Recentemente, em março de 2021, o IBAMA resolveu esse problema por meio do Despacho 7013022/2020-GABIN. Apoiado na Lei 13.874/2019 (Declaração dos Direitos da Liberdade Econômica), o documento dispensa a exigência da dita certidão nos processos de licenciamento do IBAMA. A mudança foi muito bem-vinda.
Para entender o problema, tome-se o exemplo do licenciamento ambiental no setor portuário. Conforme o Decreto 8.437/2015, que regulamenta a Lei Complementar 140/2011, é de competência da União o licenciamento de portos organizados e terminais de uso privado, desde que atendam a um certo nível de movimentação de carga por ano. Faz sentido. Afinal, são projetos de infraestrutura, com grande valor estratégico para a economia nacional.
Durante esse processo de licenciamento ambiental, a Resolução 237/1997 do CONAMA exige que seja apresentada certidão de uso e ocupação de solo, emitida pela Prefeitura Municipal, declarando que o empreendimento está de acordo com a legislação municipal aplicável à área.

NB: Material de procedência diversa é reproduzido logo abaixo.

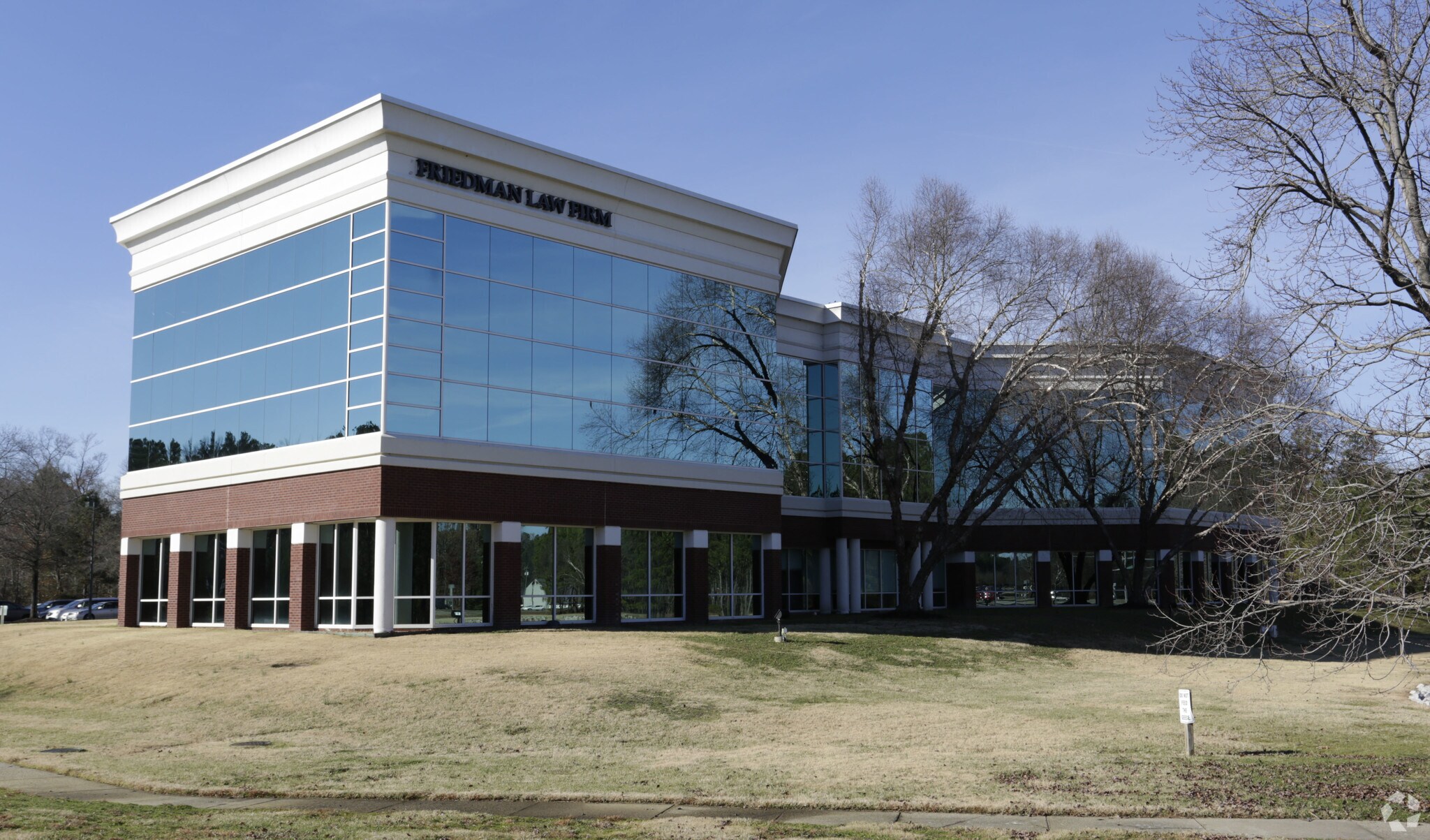 9401 Courthouse Rd, Chesterfield, VA 23832 Centre Court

Assim, a Resolução acaba outorgando ao Município o poder de, por qualquer motivo, se recuse a fornecer a certidão de uso e ocupação do solo. Com isso, a Prefeitura acaba ganhando o poder direto de travar todo o licenciamento. Sem certidão, sem porto.
Põe-se à evidência assim um grande choque na repartição de competências. Não é difícil imaginar o tipo de entrave que pode ser criado por agentes públicos locais, muitas vezes com base em interesses políticos circunstanciais, pela simples recusa na emissão da certidão. Um simples canetaço que prejudica a potencial geração de milhares de empregos e de acréscimo à infraestrutura comercial do país.
Por isso, a exigência feita pela Resolução 237/97 sempre foi alvo de críticas, especialmente porque não é lei, mas mesmo assim cria uma exigência que restringe direitos.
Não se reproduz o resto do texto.